Given the statements that Russia and China have been making all year long, this isn't much of a surprise. The only real concrete change is that the OPEC nations and Japan have gone past theoretical talk and engaged in high level meetings.
Russia and China are heavyweights, but they absolutely have to have the OPEC nations on board for this to be effective. Iran and Venezuela have been moving towards this for years, but getting the UAE on board suddenly makes this serious.
We also see that the Japanese election outcomes are having immediate effects.

The Americans, who are aware the meetings have taken place – although they have not discovered the details – are sure to fight this international cabal which will include hitherto loyal allies Japan and the Gulf Arabs. Against the background to these currency meetings, Sun Bigan, China's former special envoy to the Middle East, has warned there is a risk of deepening divisions between China and the US over influence and oil in the Middle East. "Bilateral quarrels and clashes are unavoidable," he told the Asia and Africa Review. "We cannot lower vigilance against hostility in the Middle East over energy interests and security."
This sounds like a dangerous prediction of a future economic war between the US and China over Middle East oil – yet again turning the region's conflicts into a battle for great power supremacy. China uses more oil incrementally than the US because its growth is less energy efficient. The transitional currency in the move away from dollars, according to Chinese banking sources, may well be gold.
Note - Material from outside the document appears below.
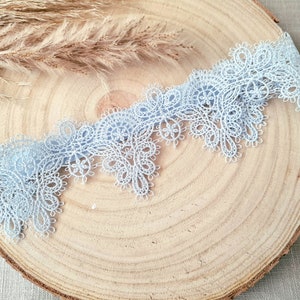 Garter lace romantic light blue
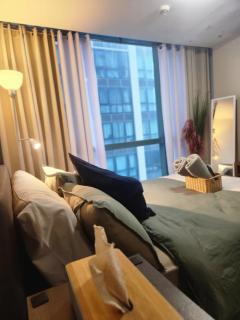 Vibrant Urban Getaway in BGC (pool view) - Manila - 7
The chances of there being an actual economic war between America and China are small. While China would suffer, America would lose far more. That's how it always is when a debtor and creditor do battle.
It's very interesting that gold would be considered a transitional currency. If this is true you can bet that the IMF's recent plan to sell 403 tonnes of gold will get quickly snatched up by Asian central banks. It'll never even hit the market. Also, two of the largest gold producers in the world today are Russia and China. You can bet that their gold exports will quickly dry up.

So what exactly would it mean for the world's reserve currency to be priced in oil rather than dollars? ZeroHedge uncovered 30 year old documents that addressed that very question. These documents were recently declassified from the Carter Administration.

1. An announcement that dollars were no longer being used as the unit of account in paying for oil would trigger selling of dollars on the foreign exchange markets. So we would suffer.
2. I don't see any offsetting gain, since OPEC would probably raise prices in SDR terms, as necessary to recover revenue losses if the SDR appreciated relative to the dollar.
...
We might be able to persuade the OPEC countries to make the shift if the dollar weakened but that's precisely when the move would be most damaging to us.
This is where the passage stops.